EXERCISE DETAILS »
All entries must be given again exactly as written.
**** DATA IN THIS EXERCISE
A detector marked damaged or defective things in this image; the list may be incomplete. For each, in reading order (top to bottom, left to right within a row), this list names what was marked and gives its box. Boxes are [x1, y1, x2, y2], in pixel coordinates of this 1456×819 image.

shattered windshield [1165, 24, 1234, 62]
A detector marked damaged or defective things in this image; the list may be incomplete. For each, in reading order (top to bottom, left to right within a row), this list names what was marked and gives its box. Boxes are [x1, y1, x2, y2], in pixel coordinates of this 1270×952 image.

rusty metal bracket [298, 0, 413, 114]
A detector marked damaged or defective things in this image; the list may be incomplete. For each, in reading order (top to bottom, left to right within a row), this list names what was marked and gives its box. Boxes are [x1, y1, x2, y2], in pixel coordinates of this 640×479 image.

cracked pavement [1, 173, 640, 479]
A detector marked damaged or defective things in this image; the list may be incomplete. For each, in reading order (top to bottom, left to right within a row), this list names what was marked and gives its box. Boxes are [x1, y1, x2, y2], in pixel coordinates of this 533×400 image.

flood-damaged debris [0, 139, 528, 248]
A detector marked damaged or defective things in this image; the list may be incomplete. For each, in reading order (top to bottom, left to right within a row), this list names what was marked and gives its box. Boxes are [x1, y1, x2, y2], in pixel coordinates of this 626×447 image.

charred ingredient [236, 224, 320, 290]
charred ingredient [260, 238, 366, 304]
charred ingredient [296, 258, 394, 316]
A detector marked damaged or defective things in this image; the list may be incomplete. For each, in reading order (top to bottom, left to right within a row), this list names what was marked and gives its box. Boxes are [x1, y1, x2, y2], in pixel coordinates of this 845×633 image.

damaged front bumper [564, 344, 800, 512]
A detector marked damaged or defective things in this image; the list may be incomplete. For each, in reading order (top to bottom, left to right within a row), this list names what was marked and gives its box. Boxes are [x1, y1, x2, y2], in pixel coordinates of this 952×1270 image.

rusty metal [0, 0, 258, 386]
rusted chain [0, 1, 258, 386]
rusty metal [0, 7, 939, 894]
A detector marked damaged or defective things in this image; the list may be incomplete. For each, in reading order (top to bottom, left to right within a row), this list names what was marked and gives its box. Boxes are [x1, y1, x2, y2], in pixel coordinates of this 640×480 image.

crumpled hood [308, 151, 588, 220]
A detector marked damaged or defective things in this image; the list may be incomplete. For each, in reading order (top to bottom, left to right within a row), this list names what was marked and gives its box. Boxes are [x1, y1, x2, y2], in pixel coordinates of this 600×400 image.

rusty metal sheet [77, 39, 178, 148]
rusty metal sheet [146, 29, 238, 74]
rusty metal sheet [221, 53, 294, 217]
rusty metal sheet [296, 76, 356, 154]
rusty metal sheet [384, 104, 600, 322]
********
YOUR SOLUTION »
A detector marked damaged or defective things in this image; the list may be incomplete. For each, in reading order (top to bottom, left to right within a row), this list names what was marked and gives its box. Boxes are [x1, y1, x2, y2], in pixel coordinates of this 1456×819 image.

shattered windshield [1165, 24, 1234, 62]
A detector marked damaged or defective things in this image; the list may be incomplete. For each, in reading order (top to bottom, left to right within a row), this list names what was marked and gives its box. Boxes are [x1, y1, x2, y2], in pixel coordinates of this 1270×952 image.

rusty metal bracket [298, 0, 413, 114]
A detector marked damaged or defective things in this image; the list may be incomplete. For each, in reading order (top to bottom, left to right within a row), this list names what was marked and gives its box. Boxes are [x1, y1, x2, y2], in pixel coordinates of this 640×479 image.

cracked pavement [1, 173, 640, 479]
A detector marked damaged or defective things in this image; the list may be incomplete. For each, in reading order (top to bottom, left to right within a row), this list names what was marked and gives its box. Boxes are [x1, y1, x2, y2], in pixel coordinates of this 533×400 image.

flood-damaged debris [0, 139, 528, 248]
A detector marked damaged or defective things in this image; the list may be incomplete. For each, in reading order (top to bottom, left to right within a row), this list names what was marked and gives its box. Boxes are [x1, y1, x2, y2], in pixel coordinates of this 626×447 image.

charred ingredient [236, 224, 320, 290]
charred ingredient [260, 238, 366, 304]
charred ingredient [296, 258, 394, 316]
A detector marked damaged or defective things in this image; the list may be incomplete. For each, in reading order (top to bottom, left to right within a row), this list names what was marked and gives its box. Boxes are [x1, y1, x2, y2], in pixel coordinates of this 845×633 image.

damaged front bumper [564, 344, 800, 512]
A detector marked damaged or defective things in this image; the list may be incomplete. For each, in reading order (top to bottom, left to right within a row), this list names what was marked and gives its box. Boxes are [x1, y1, x2, y2], in pixel coordinates of this 952×1270 image.

rusty metal [0, 0, 258, 386]
rusted chain [0, 1, 258, 386]
rusty metal [0, 7, 939, 894]
A detector marked damaged or defective things in this image; the list may be incomplete. For each, in reading order (top to bottom, left to right within a row), this list names what was marked and gives its box. Boxes are [x1, y1, x2, y2], in pixel coordinates of this 640×480 image.

crumpled hood [308, 151, 588, 220]
A detector marked damaged or defective things in this image; the list may be incomplete. For each, in reading order (top to bottom, left to right within a row), this list names what was marked and gives its box. Boxes are [x1, y1, x2, y2], in pixel coordinates of this 600×400 image.

rusty metal sheet [77, 39, 178, 148]
rusty metal sheet [146, 29, 238, 74]
rusty metal sheet [221, 53, 294, 217]
rusty metal sheet [296, 76, 356, 154]
rusty metal sheet [384, 104, 600, 322]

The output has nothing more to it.